- **Work task**:
From the material below, set down exactly the lines that run from the one containing "IKUTI APEL KEHORMATAN" to the one containing "4 Zimmer Wohnung", minus the pictures.

(Exercise material)

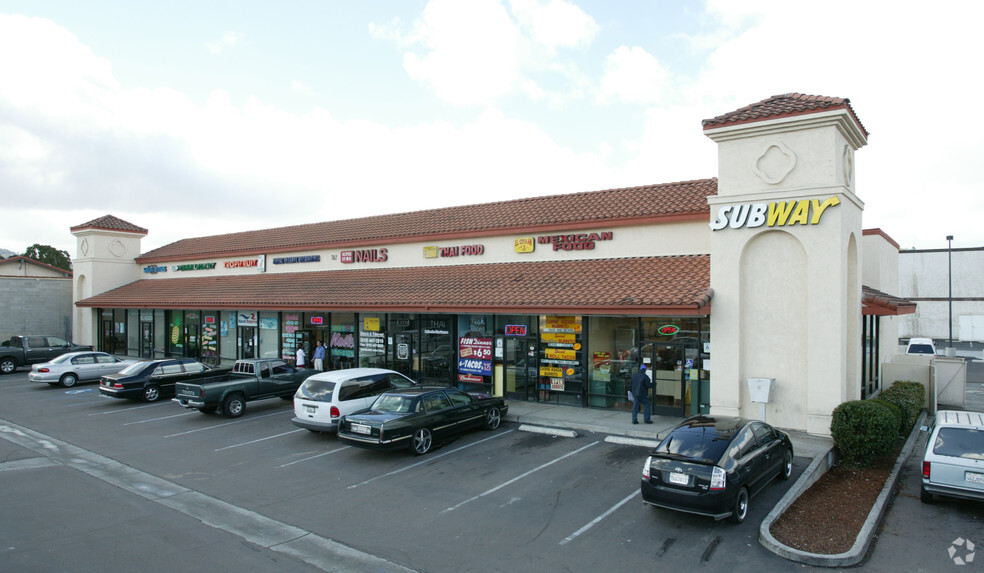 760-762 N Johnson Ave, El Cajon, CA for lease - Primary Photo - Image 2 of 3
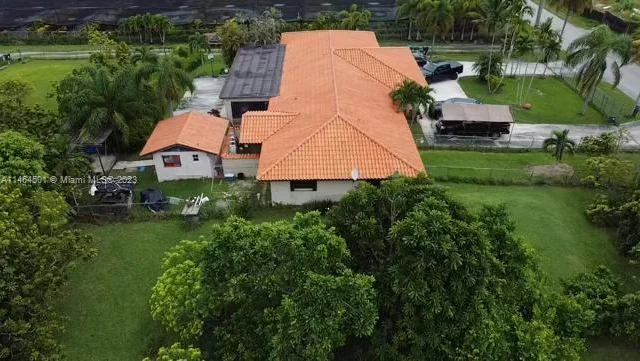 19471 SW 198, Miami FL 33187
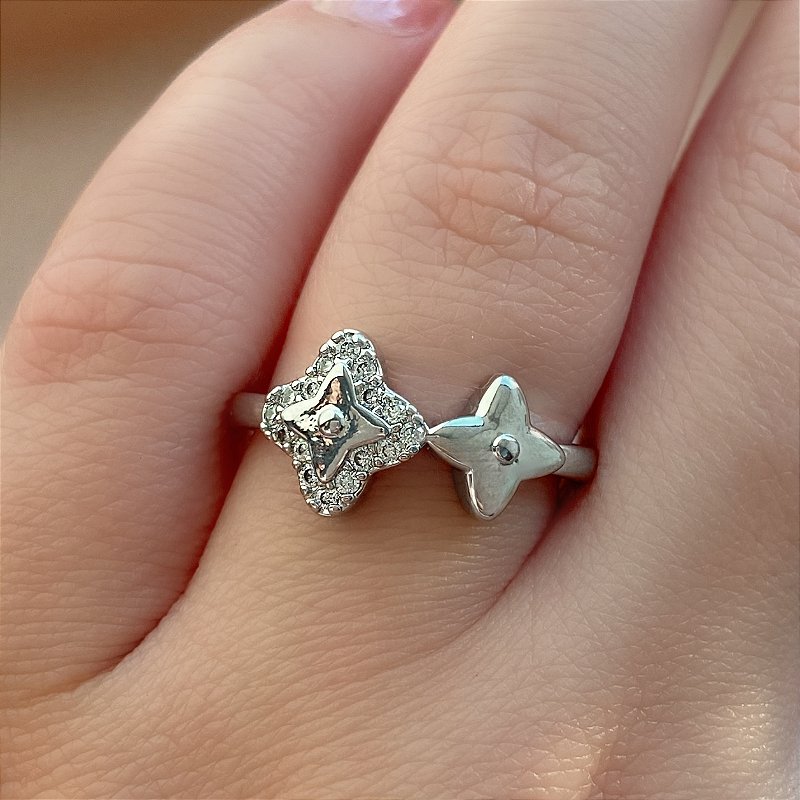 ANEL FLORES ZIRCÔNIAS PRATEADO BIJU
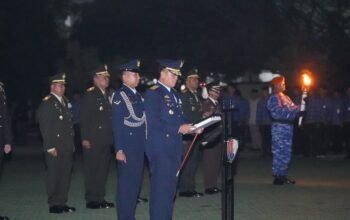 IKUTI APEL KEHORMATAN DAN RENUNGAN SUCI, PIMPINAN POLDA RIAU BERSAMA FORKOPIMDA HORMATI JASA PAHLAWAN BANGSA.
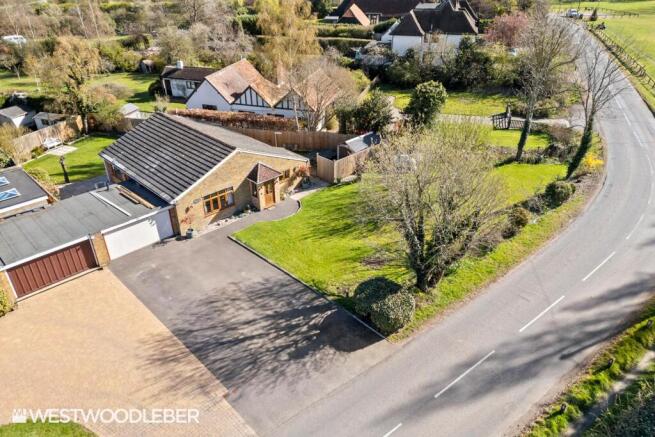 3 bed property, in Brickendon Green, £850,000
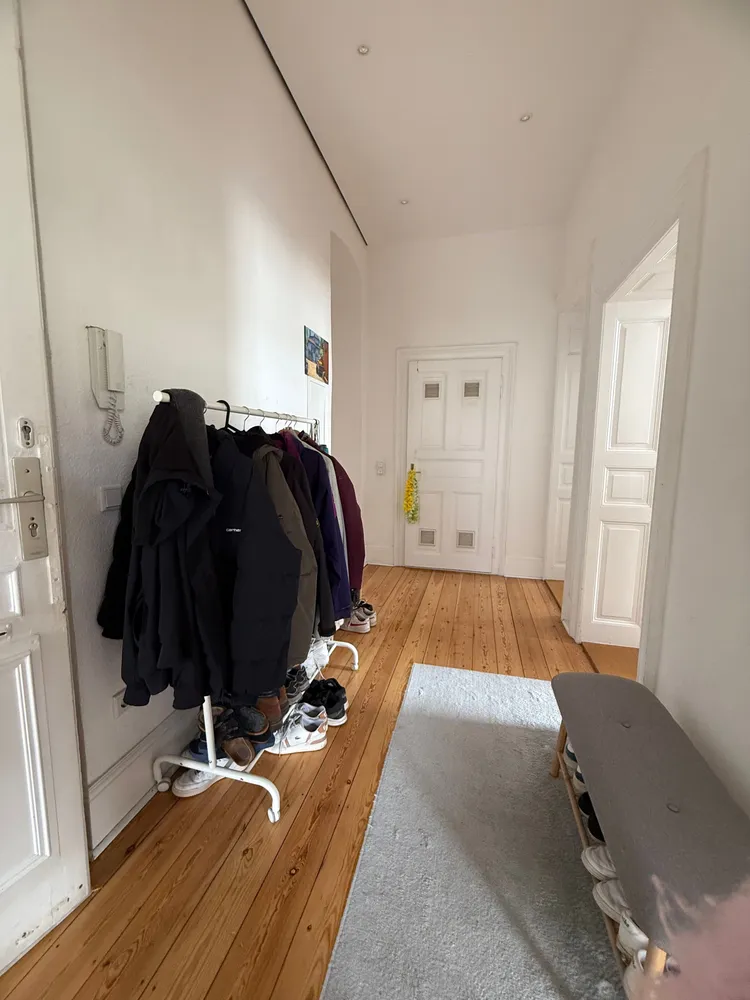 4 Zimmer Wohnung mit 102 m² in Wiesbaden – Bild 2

(End Exercise material)
(Exercise material)

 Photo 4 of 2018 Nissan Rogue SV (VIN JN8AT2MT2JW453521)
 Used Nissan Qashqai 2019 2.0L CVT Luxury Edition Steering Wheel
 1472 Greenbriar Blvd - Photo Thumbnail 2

(End Exercise material)
(Exercise material)

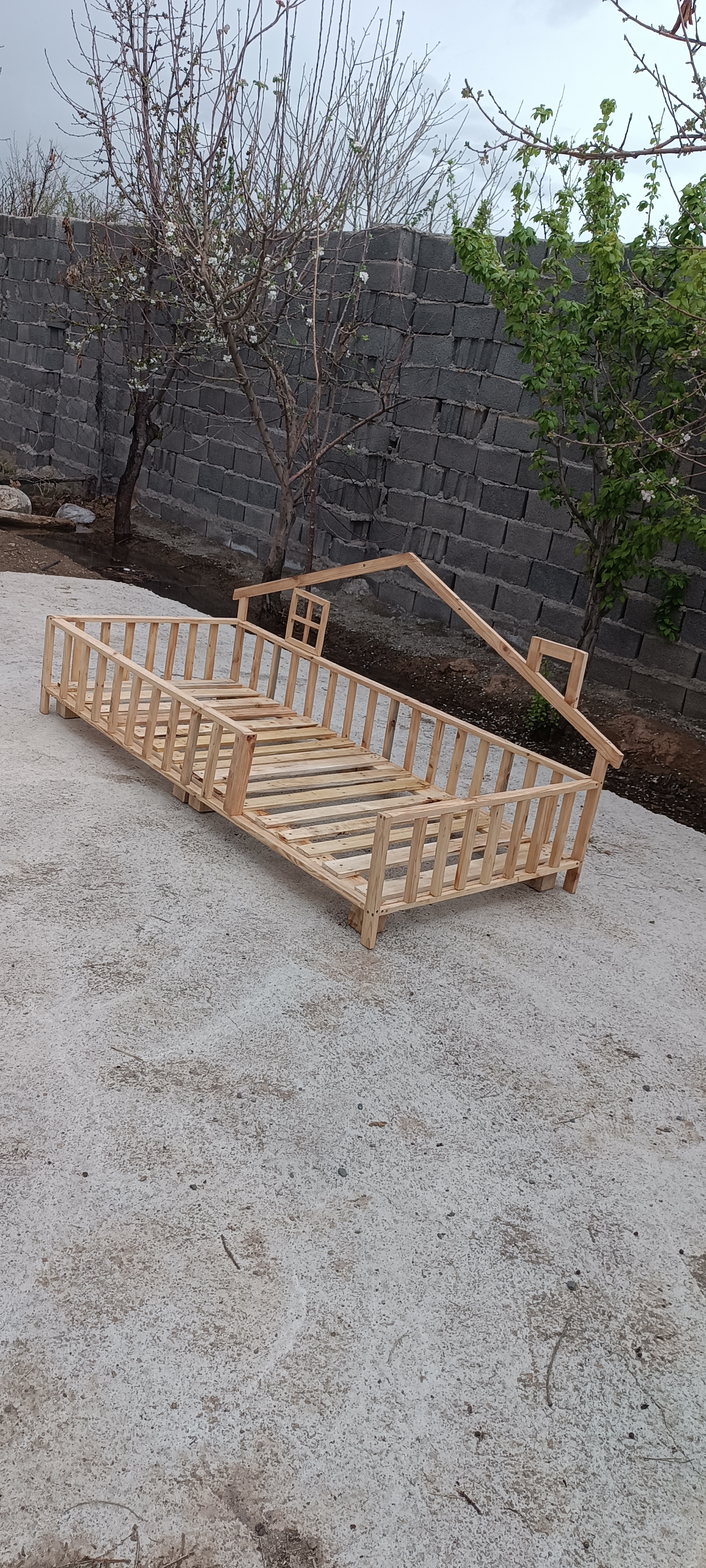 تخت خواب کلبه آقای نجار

(End Exercise material)

- **Response to this exercise**:
 IKUTI APEL KEHORMATAN DAN RENUNGAN SUCI, PIMPINAN POLDA RIAU BERSAMA FORKOPIMDA HORMATI JASA PAHLAWAN BANGSA.
 3 bed property, in Brickendon Green, £850,000
 4 Zimmer Wohnung mit 102 m² in Wiesbaden – Bild 2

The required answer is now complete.